I know.. Already mentioned non-volatile memory in RDMA applications when discussing the MS XVA and its "100 GB of available exended memory". There is no byte-addressable NVME SSD currently in production or even as a publicly known prototype.
 
Write performance is very dependent on block size and page size. And a lot of shuffling data and remapping magic to make it not suck as much as it does on paper. Block sizes are gigantic today.

But reaching full bandwidth on read is more dependent on the read size versus IOPS (and random IOPS is related to page size x channels x speed, if the controller can keep up). In theory PS5 controller should be capable of over a million IOPS, so even down to 8KB random read shouldn't be a problem as long as the queues can be filled fast enough. There's no seek but there's an overall latency of something like 25us to 50us.
 
Last edited:
A byte addressable SSD?
Nope. Changes they were considering in SSD access to mitigate overheads. I think it's actually the file allocation table, with larger data-block sizes.
http://www.freepatentsonline.com/y2017/0097897.html

Disclosed herein is an information processing device including a host unit adapted to request data access by specifying a logical address of a secondary storage device, and a controller adapted to accept the data access request and convert the logical address into a physical address using an address conversion table to perform data access to an associated area of the secondary storage device, in which an address space defined by the address conversion table includes a coarsely granular address space that collectively associates, with logical addresses, physical addresses that are in units larger than those in which data is read.​
 
Write performance is very dependent on block size and page size. And a lot of shuffling data and remapping magic to make it not suck as much as it does on paper. Block sizes are gigantic today.

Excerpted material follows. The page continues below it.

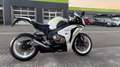 Honda CBR 1000 RR Fireblade *SONDERMODELL*HANNSPREE* Blanc - thumbnail 3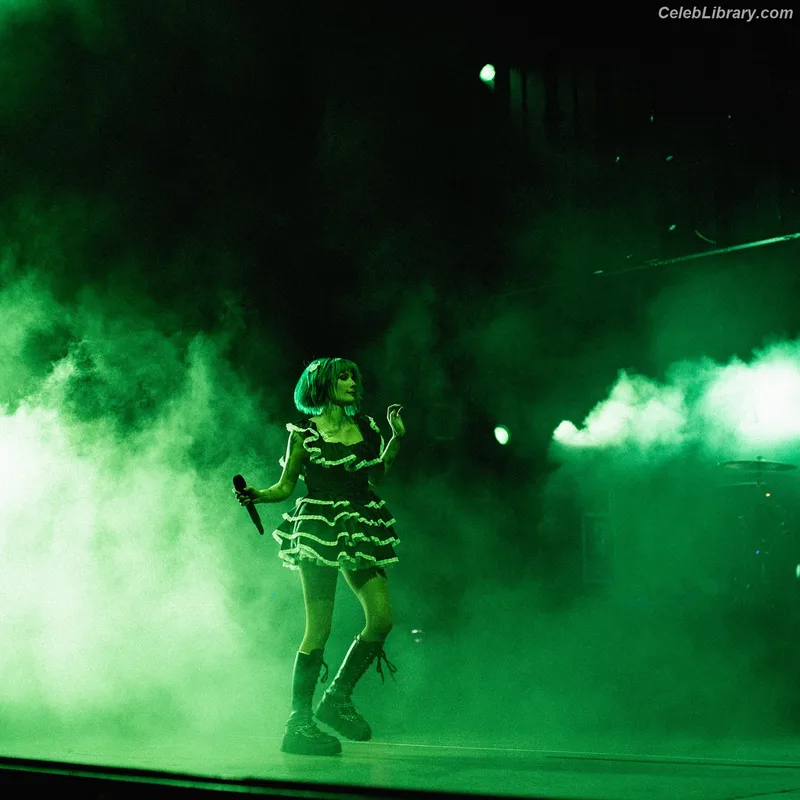 Halsey photo 24 of 1182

But reaching full bandwidth on read is more dependent on the read size versus IOPS (and random IOPS is related to page size x channels x speed, if the controller can keep up). In theory PS5 controller should be capable of over a million IOPS, so even down to 8KB random read shouldn't be a problem as long as the queues can be filled fast enough. There's no seek but there's an overall latency of something like 25us to 50us.

How do the reads actually work? If you read from an ssd, does it read a full block and then save the page that you requested, or can it actually do a page-sized read if the pages are smaller than the blocks? My thinking is along of a cache line from cpu to memory, where you always read the whole line even if you only need a few bytes. If you read more than one page from the same block, does it actually just read the block once so the second page is read from the drives cache?
 
Nope. Changes they were considering in SSD access to mitigate overheads. I think it's actually the file allocation table, with larger data-block sizes.
http://www.freepatentsonline.com/y2017/0097897.html

Disclosed herein is an information processing device including a host unit adapted to request data access by specifying a logical address of a secondary storage device, and a controller adapted to accept the data access request and convert the logical address into a physical address using an address conversion table to perform data access to an associated area of the secondary storage device, in which an address space defined by the address conversion table includes a coarsely granular address space that collectively associates, with logical addresses, physical addresses that are in units larger than those in which data is read.​

Interesting. Thats sounds a lot like the TLB in a virtual memory paging system.
 
How do the reads actually work? If you read from an ssd, does it read a full block and then save the page that you requested, or can it actually do a page-sized read if the pages are smaller than the blocks? My thinking is along of a cache line from cpu to memory, where you always read the whole line even if you only need a few bytes. If you read more than one page from the same block, does it actually just read the block once so the second page is read from the drives cache?
I don't know that deep... The nand chips do have a full page register for any operation. You send a command to change the address which makes the page data available in the page register, then you can either send a command to read/write part of it or all of it, or copy some of it to another page (great for wear leveling operations). Also there's multiple operations that can done at the same time on different planes/blocks.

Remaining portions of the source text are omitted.